The notion of a Scotch/Japanese connection didn’t appear out of thin air. The two whiskies have a long history, which also happens to be the basis for the soap opera “Massan.” While the television show takes liberties with the facts for added drama, the general story is correct. Masataka Taketsuru, a talented young distiller, traveled to Scotland in 1918 to study chemistry at the University of Glasgow. After apprenticing at three distilleries, he returned with a Scots wife, Rita Cowan, and a purpose: to make “real whisky” in Japan. Taketsuru went to work for Shinjiro Torii, a liquor dealer who founded what would become Suntory.
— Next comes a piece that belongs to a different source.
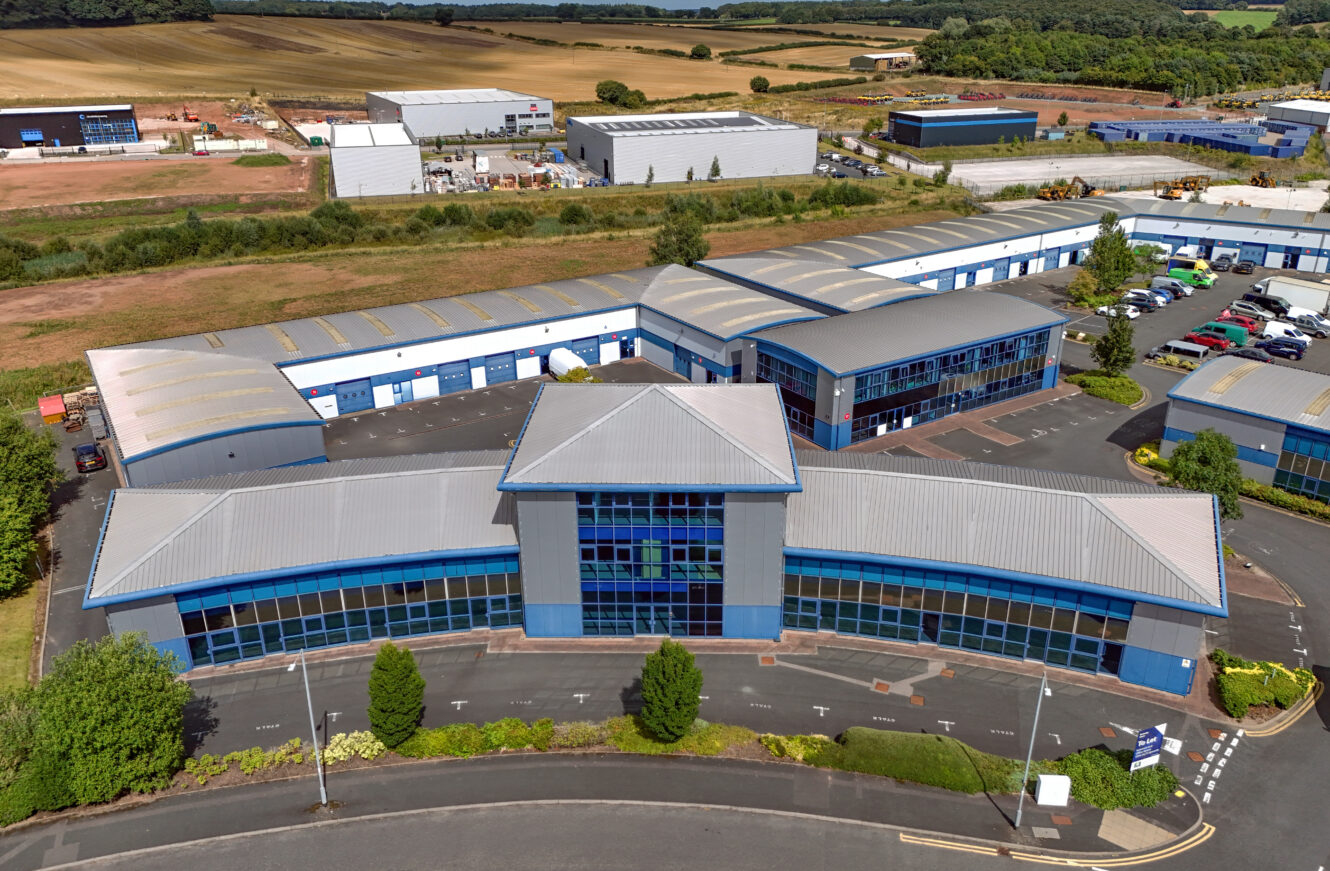 Aerial view of a modern industrial business park with multiple blue and gray warehouse-style buildings surrounded by paved roads and green landscaping.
Together they opened the Yamazaki distillery in 1923. Taketsuru would split from Torii and, with his wife, founded the Yoichi distillery in 1934. The resulting company would become Nikka.
The two men weren’t the first to make whisky in the country. But they did create the first dedicated whisky distilleries (that is, they weren’t Sake or fruit liqueur facilities that made whisky on the side). Like many Scotch distilleries they were located in vales, near excellent water sources, and they borrowed the shapes of their copper pot stills from Scottish examples.
Despite any efforts to replicate the Scotch style, the new venue would end up putting its own stamp on the spirit. One reason was a matter of national taste. The Japanese people often preferred light blends to use as part of a highball. After Suntory’s first blend proved too heavy and smoky, subsequent efforts reflected Japanese preferences.
The two countries also take different approaches to the business of blending. In Scotland, blenders can procure a host of single malts from among the 100 or so distilleries in that country to create their distinct products. No such trading between distillers and blenders exists in Japan. To achieve complexity, a blender must create a range of components. One way to do that is to operate more than one distillery, using different venues. Suntory has three: Yamazaki, Hakushu and Chita. Nikka has two: Yoichi and Miyagikyo. In one facilty a number of styles can be made. Distilleries coax out different flavors using various barley strains, yeasts and peat levels. Other methods are lengthening the fermentation time of the mash or using novel filtration media, such as bamboo.
As with any whisky, the wood in which it is aged is of paramount importance, and the Japanese use many variants. Now a huge company including Jim Beam and several Scotch makers, Suntory has access to a spectrum of casks. But during World II, it was cut off from American and European oak, so mizunara, an indigenous oak, was pressed into service. While that moist wood is more susceptible to leaking, it is still used today for its incense note. For its impressive Hibiki blend, Suntory also finishes some whisky in casks formerly used to store umeshu, a popular Japanese plum liqueur.
When you start to consider all the variables available to the industry, you get a sense of how Nikka Whisky From the Barrel can claim to have 100 or more different constituents in its blend. You also begin to understand that when East meets West in the art of whisky making, it is foolish to make facile assumptions.